• Goal of the exercise: Within the records that follow, restate exactly the lines from the line with "at 130 Maudes Road, Oamaru, Waitaki, Otago" down to the line with "花樣年華的姐姐們2023081001", including both. Omit the pictures.

• Dataset entries:
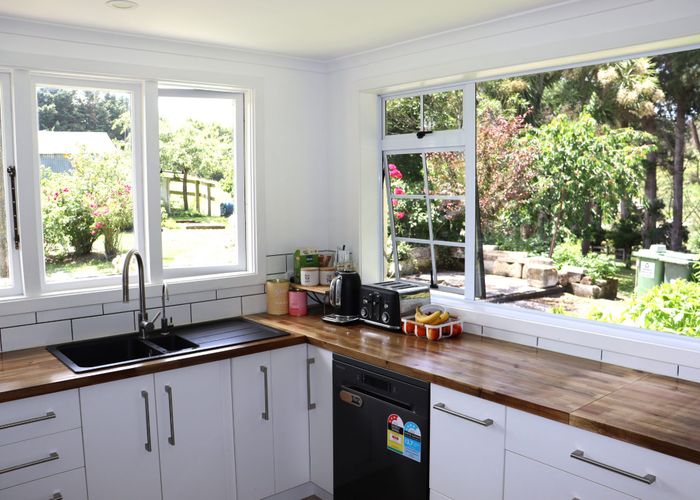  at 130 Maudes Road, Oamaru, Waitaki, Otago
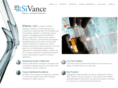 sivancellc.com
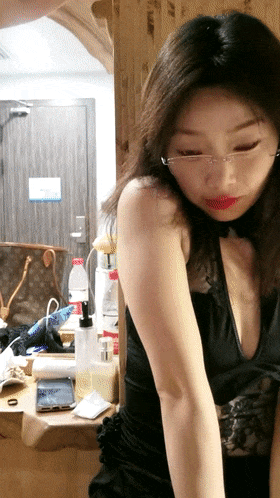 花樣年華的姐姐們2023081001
* * *
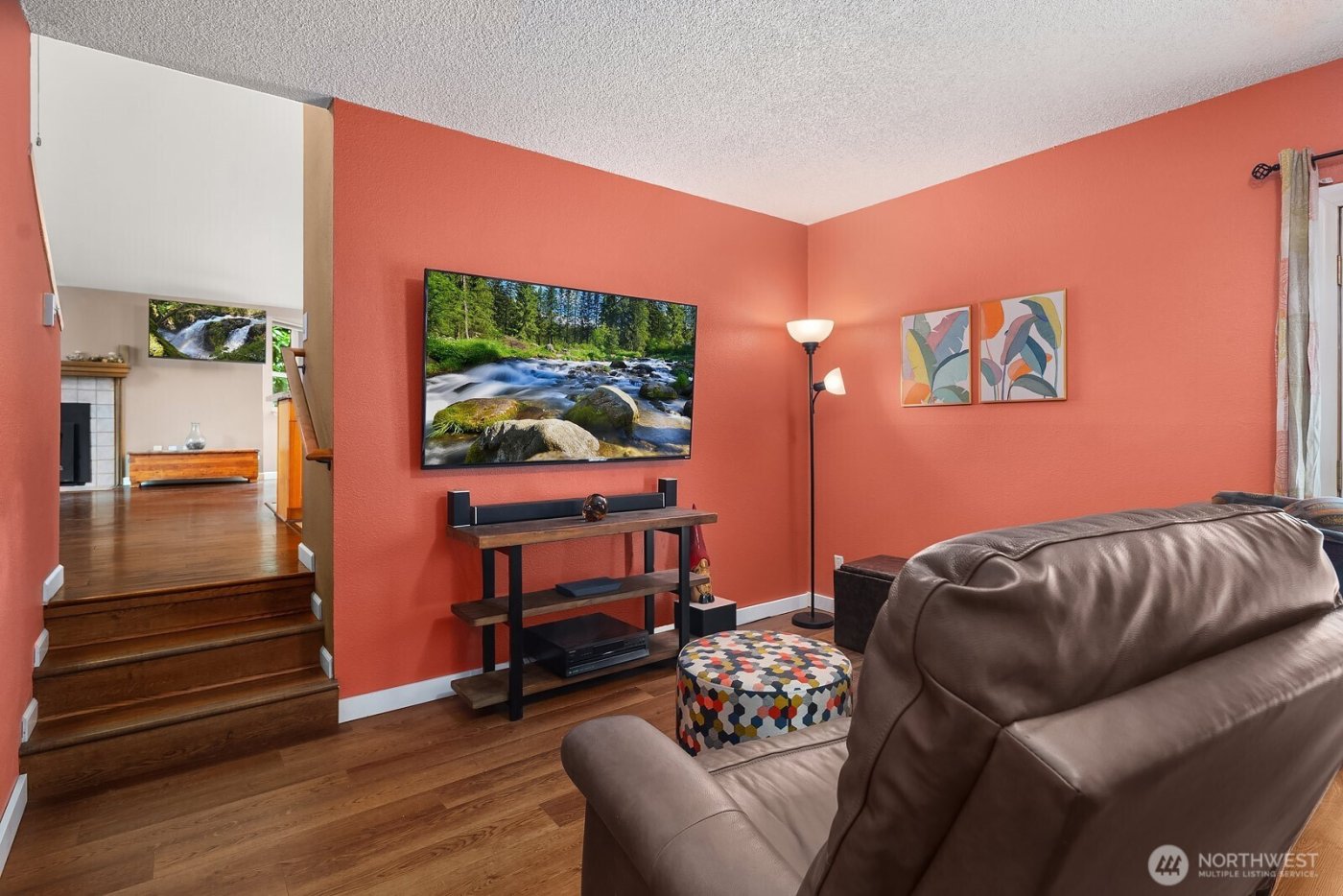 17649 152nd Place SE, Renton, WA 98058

• Written response:
  at 130 Maudes Road, Oamaru, Waitaki, Otago
 sivancellc.com
 花樣年華的姐姐們2023081001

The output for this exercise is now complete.